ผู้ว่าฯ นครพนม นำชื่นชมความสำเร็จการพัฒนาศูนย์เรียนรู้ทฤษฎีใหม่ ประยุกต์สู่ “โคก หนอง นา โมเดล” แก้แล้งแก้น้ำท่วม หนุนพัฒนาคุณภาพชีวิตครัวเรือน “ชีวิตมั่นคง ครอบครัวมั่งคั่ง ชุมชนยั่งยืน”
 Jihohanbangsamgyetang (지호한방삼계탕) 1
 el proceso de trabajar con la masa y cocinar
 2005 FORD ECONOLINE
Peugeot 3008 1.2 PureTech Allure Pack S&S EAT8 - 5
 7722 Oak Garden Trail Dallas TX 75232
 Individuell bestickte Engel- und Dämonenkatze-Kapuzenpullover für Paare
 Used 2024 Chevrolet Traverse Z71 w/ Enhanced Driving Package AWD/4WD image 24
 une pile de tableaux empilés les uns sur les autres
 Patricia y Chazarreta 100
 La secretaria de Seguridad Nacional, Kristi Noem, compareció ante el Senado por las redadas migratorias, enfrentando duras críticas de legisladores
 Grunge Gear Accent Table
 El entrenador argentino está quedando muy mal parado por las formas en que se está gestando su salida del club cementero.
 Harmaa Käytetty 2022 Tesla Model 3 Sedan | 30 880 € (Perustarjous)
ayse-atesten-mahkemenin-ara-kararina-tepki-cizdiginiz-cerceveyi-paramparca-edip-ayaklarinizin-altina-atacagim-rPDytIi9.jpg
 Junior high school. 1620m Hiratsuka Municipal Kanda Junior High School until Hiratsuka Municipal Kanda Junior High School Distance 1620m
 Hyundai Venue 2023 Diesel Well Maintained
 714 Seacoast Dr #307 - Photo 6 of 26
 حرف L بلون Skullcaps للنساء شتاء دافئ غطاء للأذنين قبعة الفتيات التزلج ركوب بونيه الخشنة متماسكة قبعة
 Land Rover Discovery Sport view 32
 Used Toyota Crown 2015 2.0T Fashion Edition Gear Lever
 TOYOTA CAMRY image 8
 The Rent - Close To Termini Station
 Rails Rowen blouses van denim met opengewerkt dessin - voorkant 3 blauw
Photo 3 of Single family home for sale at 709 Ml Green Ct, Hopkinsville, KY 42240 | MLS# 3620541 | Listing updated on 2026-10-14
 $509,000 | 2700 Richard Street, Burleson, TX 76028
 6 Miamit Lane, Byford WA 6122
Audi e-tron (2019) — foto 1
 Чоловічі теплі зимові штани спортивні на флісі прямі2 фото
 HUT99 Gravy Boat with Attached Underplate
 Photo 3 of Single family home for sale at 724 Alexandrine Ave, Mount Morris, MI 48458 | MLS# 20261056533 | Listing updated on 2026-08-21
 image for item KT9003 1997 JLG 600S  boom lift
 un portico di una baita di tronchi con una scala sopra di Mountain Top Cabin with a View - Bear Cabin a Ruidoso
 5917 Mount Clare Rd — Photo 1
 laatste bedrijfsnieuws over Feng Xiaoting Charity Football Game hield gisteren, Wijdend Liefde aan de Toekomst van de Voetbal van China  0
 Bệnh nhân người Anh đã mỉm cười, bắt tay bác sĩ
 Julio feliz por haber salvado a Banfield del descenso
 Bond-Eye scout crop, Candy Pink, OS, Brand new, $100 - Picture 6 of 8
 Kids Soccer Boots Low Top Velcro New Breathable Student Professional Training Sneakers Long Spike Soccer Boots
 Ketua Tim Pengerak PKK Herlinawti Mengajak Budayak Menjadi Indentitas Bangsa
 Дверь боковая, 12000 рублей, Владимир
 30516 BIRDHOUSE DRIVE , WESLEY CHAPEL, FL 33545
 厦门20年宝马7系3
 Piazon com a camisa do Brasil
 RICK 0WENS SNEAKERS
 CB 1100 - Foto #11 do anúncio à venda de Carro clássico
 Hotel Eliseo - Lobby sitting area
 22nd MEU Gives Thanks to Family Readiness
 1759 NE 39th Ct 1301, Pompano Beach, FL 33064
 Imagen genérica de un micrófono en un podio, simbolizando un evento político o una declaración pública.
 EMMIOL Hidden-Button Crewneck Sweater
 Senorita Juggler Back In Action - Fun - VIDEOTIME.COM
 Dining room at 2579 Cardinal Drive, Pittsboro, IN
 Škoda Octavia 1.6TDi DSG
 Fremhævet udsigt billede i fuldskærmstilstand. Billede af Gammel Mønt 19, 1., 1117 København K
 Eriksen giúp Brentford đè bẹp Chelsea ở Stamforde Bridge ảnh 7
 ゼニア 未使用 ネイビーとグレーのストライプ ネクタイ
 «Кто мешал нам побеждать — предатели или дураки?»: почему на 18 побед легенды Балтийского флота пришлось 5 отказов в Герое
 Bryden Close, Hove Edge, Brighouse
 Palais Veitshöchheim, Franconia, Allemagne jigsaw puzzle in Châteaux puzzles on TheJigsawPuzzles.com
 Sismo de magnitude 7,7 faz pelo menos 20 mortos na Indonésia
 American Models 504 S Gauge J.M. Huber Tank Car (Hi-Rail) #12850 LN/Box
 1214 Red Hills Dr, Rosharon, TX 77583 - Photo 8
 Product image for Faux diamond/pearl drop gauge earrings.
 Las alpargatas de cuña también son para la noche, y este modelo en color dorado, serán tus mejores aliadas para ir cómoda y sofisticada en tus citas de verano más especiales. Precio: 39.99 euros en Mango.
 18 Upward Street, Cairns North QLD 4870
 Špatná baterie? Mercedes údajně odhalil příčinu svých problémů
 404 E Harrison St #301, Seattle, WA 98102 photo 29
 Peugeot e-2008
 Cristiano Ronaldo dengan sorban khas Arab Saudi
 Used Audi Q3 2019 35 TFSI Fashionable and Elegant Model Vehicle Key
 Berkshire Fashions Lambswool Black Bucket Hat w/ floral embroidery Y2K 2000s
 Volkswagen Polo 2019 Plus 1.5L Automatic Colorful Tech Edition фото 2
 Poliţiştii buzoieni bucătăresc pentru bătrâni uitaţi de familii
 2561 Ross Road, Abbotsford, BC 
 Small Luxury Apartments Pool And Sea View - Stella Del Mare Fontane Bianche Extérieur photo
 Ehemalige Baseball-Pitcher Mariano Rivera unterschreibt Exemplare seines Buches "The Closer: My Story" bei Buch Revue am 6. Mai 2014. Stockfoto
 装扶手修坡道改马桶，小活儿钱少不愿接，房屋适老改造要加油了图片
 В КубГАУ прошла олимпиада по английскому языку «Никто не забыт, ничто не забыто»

******************************

◆ **Exercise instructions**: Write down again, exactly as given, only the lines above that fall from the line with "el proceso de trabajar con la masa y cocinar" to the line with "Photo 3 of Single family home for sale at 724", inclusive.

◆ **Written solution**:
 el proceso de trabajar con la masa y cocinar
 2005 FORD ECONOLINE
Peugeot 3008 1.2 PureTech Allure Pack S&S EAT8 - 5
 7722 Oak Garden Trail Dallas TX 75232
 Individuell bestickte Engel- und Dämonenkatze-Kapuzenpullover für Paare
 Used 2024 Chevrolet Traverse Z71 w/ Enhanced Driving Package AWD/4WD image 24
 une pile de tableaux empilés les uns sur les autres
 Patricia y Chazarreta 100
 La secretaria de Seguridad Nacional, Kristi Noem, compareció ante el Senado por las redadas migratorias, enfrentando duras críticas de legisladores
 Grunge Gear Accent Table
 El entrenador argentino está quedando muy mal parado por las formas en que se está gestando su salida del club cementero.
 Harmaa Käytetty 2022 Tesla Model 3 Sedan | 30 880 € (Perustarjous)
ayse-atesten-mahkemenin-ara-kararina-tepki-cizdiginiz-cerceveyi-paramparca-edip-ayaklarinizin-altina-atacagim-rPDytIi9.jpg
 Junior high school. 1620m Hiratsuka Municipal Kanda Junior High School until Hiratsuka Municipal Kanda Junior High School Distance 1620m
 Hyundai Venue 2023 Diesel Well Maintained
 714 Seacoast Dr #307 - Photo 6 of 26
 حرف L بلون Skullcaps للنساء شتاء دافئ غطاء للأذنين قبعة الفتيات التزلج ركوب بونيه الخشنة متماسكة قبعة
 Land Rover Discovery Sport view 32
 Used Toyota Crown 2015 2.0T Fashion Edition Gear Lever
 TOYOTA CAMRY image 8
 The Rent - Close To Termini Station
 Rails Rowen blouses van denim met opengewerkt dessin - voorkant 3 blauw
Photo 3 of Single family home for sale at 709 Ml Green Ct, Hopkinsville, KY 42240 | MLS# 3620541 | Listing updated on 2026-10-14
 $509,000 | 2700 Richard Street, Burleson, TX 76028
 6 Miamit Lane, Byford WA 6122
Audi e-tron (2019) — foto 1
 Чоловічі теплі зимові штани спортивні на флісі прямі2 фото
 HUT99 Gravy Boat with Attached Underplate
 Photo 3 of Single family home for sale at 724 Alexandrine Ave, Mount Morris, MI 48458 | MLS# 20261056533 | Listing updated on 2026-08-21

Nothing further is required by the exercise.